Изменить стиль страницы

Утром иду на службу. А там командир вызывает к себе… «Кочетов, — говорит он, — вам не кажется, что вы делаете не все и не так?» Лицо у него недовольное, а рыжие усики, словно колючки, топорщатся. «Не время лечит раны — дело лечит. Кстати, к вам дело есть. Калинкин в отпуске, так вы уж, пожалуйста, помогите мне. Зампотехом вас назначаю на период отсутствия Калинкина».

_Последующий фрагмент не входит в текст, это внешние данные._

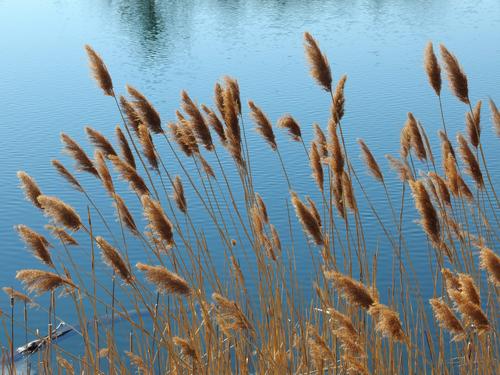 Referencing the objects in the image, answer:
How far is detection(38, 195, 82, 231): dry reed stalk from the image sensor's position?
2.35m

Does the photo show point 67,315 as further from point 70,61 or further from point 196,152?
point 70,61

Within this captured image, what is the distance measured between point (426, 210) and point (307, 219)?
37 cm

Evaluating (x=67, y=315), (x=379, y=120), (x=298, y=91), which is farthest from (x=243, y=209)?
(x=298, y=91)

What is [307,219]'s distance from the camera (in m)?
2.54

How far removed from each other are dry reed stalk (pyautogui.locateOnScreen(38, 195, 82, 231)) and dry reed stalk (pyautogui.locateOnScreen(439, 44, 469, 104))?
53.4 inches

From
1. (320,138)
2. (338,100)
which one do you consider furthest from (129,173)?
(320,138)

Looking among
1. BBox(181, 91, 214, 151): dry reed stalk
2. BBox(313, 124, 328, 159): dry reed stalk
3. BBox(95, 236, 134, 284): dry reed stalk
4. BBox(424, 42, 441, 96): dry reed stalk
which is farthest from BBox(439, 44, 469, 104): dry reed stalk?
BBox(95, 236, 134, 284): dry reed stalk

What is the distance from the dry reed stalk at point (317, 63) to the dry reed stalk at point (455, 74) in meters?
0.39

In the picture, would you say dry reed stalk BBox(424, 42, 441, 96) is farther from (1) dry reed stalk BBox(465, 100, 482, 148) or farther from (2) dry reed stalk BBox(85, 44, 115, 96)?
(2) dry reed stalk BBox(85, 44, 115, 96)

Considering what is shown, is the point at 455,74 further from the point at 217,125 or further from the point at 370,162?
the point at 217,125

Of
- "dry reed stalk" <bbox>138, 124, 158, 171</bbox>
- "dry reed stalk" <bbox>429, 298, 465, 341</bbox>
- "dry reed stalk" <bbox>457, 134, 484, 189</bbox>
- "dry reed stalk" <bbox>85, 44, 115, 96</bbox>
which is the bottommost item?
"dry reed stalk" <bbox>429, 298, 465, 341</bbox>

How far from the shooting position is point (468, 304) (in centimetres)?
189

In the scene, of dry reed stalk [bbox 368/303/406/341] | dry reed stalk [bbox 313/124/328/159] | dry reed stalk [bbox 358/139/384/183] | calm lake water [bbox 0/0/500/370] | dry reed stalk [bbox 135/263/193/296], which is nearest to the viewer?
dry reed stalk [bbox 368/303/406/341]

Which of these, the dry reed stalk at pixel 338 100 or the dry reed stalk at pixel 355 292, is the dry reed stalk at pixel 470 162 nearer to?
the dry reed stalk at pixel 338 100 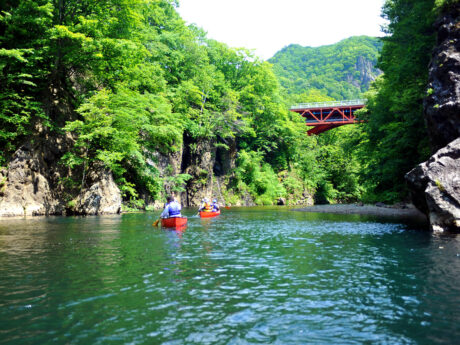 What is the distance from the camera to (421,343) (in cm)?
455

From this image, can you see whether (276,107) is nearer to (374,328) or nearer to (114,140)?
(114,140)

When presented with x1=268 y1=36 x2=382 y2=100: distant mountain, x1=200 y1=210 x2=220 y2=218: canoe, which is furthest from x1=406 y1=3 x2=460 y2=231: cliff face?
x1=268 y1=36 x2=382 y2=100: distant mountain

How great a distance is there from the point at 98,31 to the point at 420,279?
22.9 m

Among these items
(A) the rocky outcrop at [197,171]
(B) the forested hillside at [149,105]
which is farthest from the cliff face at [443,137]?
(A) the rocky outcrop at [197,171]

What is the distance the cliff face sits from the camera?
46.1 ft

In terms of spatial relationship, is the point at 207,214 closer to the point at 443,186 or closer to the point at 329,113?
the point at 443,186

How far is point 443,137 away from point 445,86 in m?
2.32

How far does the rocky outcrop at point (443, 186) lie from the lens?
13.9 meters

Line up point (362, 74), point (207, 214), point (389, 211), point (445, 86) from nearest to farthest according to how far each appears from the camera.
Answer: point (445, 86) → point (207, 214) → point (389, 211) → point (362, 74)

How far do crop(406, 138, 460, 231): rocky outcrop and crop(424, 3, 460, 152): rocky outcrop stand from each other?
1.63 meters

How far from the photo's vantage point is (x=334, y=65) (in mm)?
141625

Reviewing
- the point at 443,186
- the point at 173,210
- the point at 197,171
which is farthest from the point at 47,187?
the point at 443,186

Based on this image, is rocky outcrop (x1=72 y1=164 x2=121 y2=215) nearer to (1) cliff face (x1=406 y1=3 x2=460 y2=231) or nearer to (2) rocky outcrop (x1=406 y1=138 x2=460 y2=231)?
(1) cliff face (x1=406 y1=3 x2=460 y2=231)

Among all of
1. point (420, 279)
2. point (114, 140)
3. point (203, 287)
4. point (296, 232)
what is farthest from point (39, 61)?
point (420, 279) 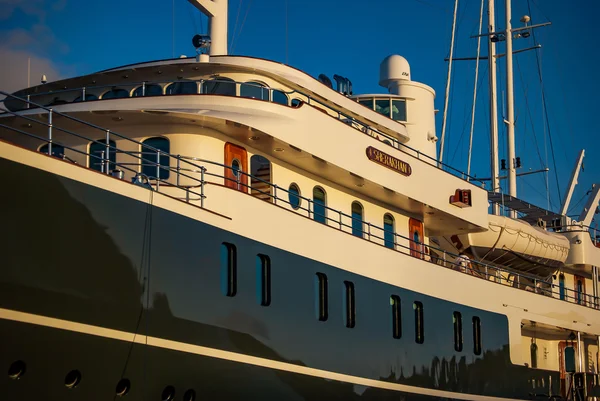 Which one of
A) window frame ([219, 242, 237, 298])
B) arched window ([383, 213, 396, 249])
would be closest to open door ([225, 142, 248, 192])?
window frame ([219, 242, 237, 298])

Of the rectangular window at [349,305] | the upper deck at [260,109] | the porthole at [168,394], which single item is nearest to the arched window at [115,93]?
the upper deck at [260,109]

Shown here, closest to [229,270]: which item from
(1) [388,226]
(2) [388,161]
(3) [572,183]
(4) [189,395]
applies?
(4) [189,395]

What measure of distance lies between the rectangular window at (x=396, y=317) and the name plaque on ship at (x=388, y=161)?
10.4ft

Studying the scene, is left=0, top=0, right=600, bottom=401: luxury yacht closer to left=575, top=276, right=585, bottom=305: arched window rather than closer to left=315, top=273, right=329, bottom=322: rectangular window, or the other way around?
left=315, top=273, right=329, bottom=322: rectangular window

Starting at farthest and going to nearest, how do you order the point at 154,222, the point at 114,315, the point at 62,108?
the point at 62,108
the point at 154,222
the point at 114,315

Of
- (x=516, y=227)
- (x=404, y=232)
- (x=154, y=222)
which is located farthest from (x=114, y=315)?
→ (x=516, y=227)

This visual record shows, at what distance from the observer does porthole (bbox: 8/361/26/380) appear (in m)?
12.2

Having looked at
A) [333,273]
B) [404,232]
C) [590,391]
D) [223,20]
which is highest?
[223,20]

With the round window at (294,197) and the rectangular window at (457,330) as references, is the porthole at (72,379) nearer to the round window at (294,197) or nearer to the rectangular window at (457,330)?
the round window at (294,197)

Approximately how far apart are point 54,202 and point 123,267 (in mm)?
1527

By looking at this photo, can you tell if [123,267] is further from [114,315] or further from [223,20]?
[223,20]

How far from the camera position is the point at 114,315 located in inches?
543

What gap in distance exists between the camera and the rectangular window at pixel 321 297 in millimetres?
18625

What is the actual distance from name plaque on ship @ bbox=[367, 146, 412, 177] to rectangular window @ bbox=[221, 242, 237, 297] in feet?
19.9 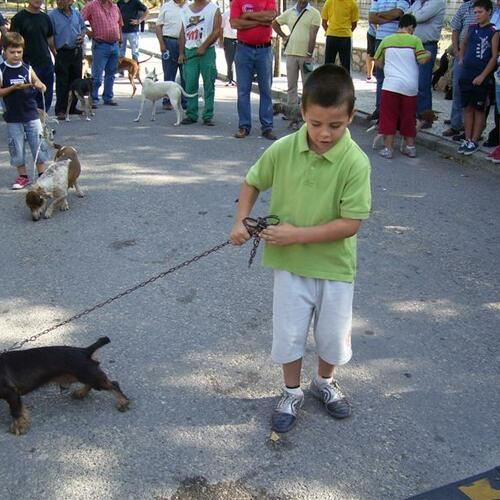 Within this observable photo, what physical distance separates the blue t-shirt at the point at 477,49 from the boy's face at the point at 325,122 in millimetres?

И началось… Днем у боевой техники, вечером с солдатами мероприятия провожу: то викторина, то конкурс на лучшего специалиста, то беседа, то лекция, то еще что-нибудь. Минуты свободной не оставалось. А командир не хвалит, только иногда одобрительно крякнет и даст новое задание. Шаг за шагом стал входить я в колею. Сейчас все утряслось. Но когда еще случаются трудности, я смотрю на картину, на лучи, рассекающие тучу, и всегда вспоминаю тот морозный вечер в далеком заполярном гарнизоне, тех людей, что мне принесли эту картину. Я очень ее ценю, эту картину, написанную неумелой рукой солдата, который вложил в нее частицу своей души, своего доброго сердца.

Он помолчал и сказал:

— Теперь вы понимаете почему мне стихи хотелось написать?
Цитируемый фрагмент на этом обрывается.